The kids have been out and about with daddy all week, though, basking in the radiance of the sun. Yesterday they took their second trip to the beach this week and had a grand time.

On the beach

Rafe on the beach. He likes to play with the sand/rocks & rarely goes in the water.

on life in a foreign country

It’s a funny thing, moving to a foreign country. People get upset if you expect it to be at all like home, you are expected to know everything will be different, accept it and just be happy about it. Enjoy discovering new things. There is, of course, nothing wrong with that. In theory. The problem comes when you step off the plane in a new country and the first thing you see is… McDonalds. Or Starbucks.

For me, as an American, this wasn’t what I expected. I expected things in England to be different. I was totally prepared for things to be different, yet what I quickly discovered is that, actually, they really weren’t. Thanks to globalisation, I could have the same lunch latte in London on Thursday that I had had two days and 6000 miles previously, in Phoenix. The similarities didn’t stop there, I could also buy most of the same brands of clothing and food, shop in the exact same supermarkets, even watch the same tv shows and channels. I can buy a lot of the same food, enjoy many of the same sporting activities and speak the language fluently, with no extra effort at all.

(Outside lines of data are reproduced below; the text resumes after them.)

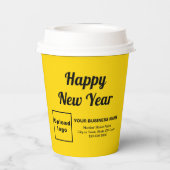 ビジネス 新年 黄色 ペーパカップ 紙コップ (裏面)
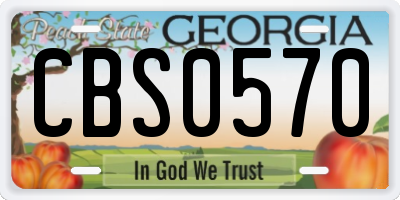 GA license plate CBS0570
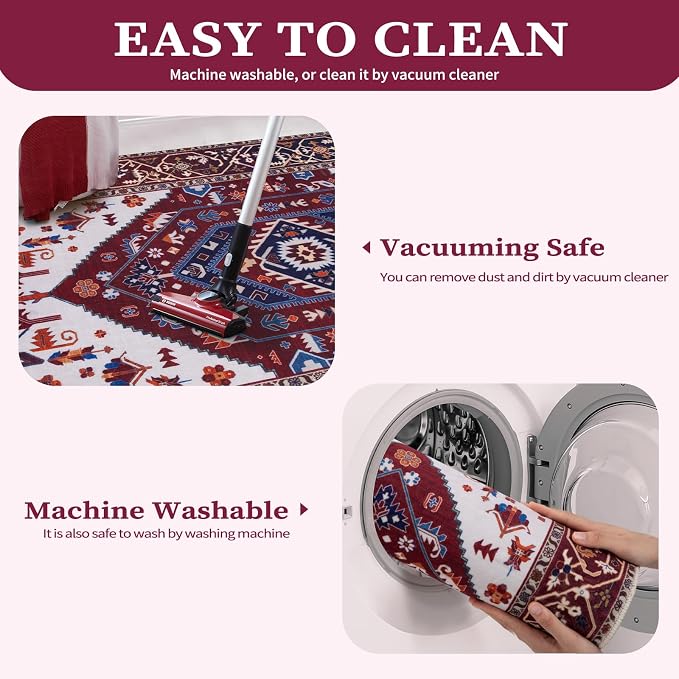 SERISSA Washable Rugs 8x10 Area Rugs, Large Non-Slip Boho Living Room Rug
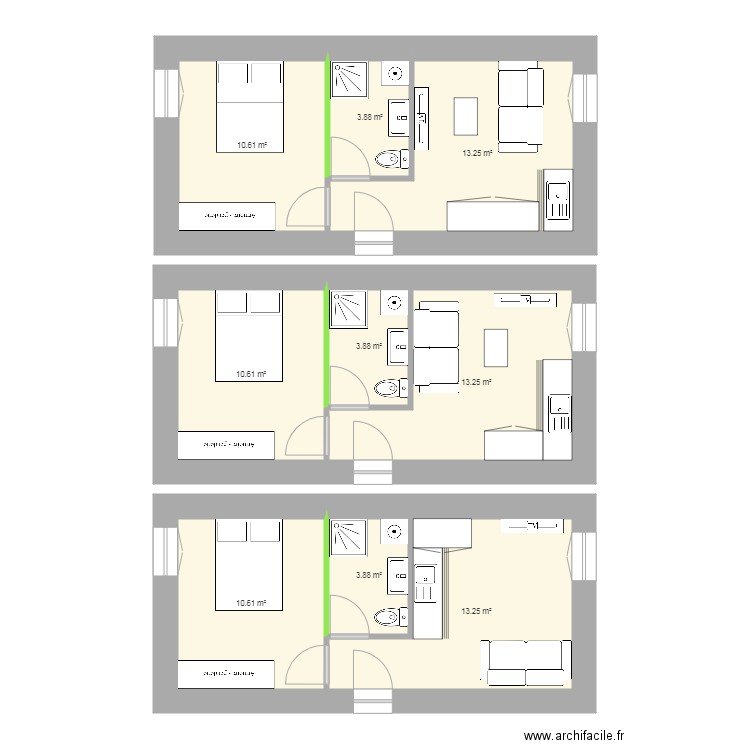 Sirène T1. Plan de 0 pièce et 0 m2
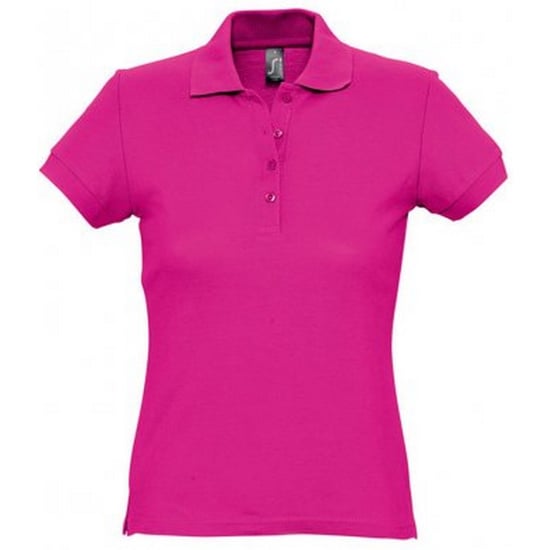 SOLS Womens/Ladies Passion Pique Short Sleeve Polo Shirt (Fuchsia) - Image 1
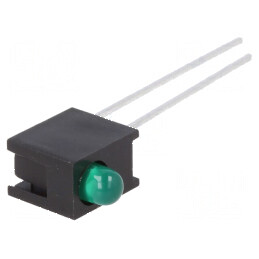 LED Verde 3mm în Carcasă - 1 Diode, 10mA, 60°, 1,5-2,7V, 1mcd | Electronic-mag.ro | Componente Electronice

I have been here six years now and know that while things look the same, they arent exactly the same. I know that certain drinks and foods are prepared differently, with different ingredients, or amounts. I know that while many of the food items and brands I know and love from my formative years in the states may be available, in the same or a different form, in grocery stores, chances are restaurants will not have heard of them or added them to their menu. I know a lot of the ins and outs of the culture.

To someone just getting off the plane, expecting adventure and discovering new things, it is disconcerting to find everything the same. To then have to adjust, not to foreign differences, but to foreign sameness is quite difficult. As the days and years pass by and you learn and absorb you eventually start to pity and even mock those newcomers.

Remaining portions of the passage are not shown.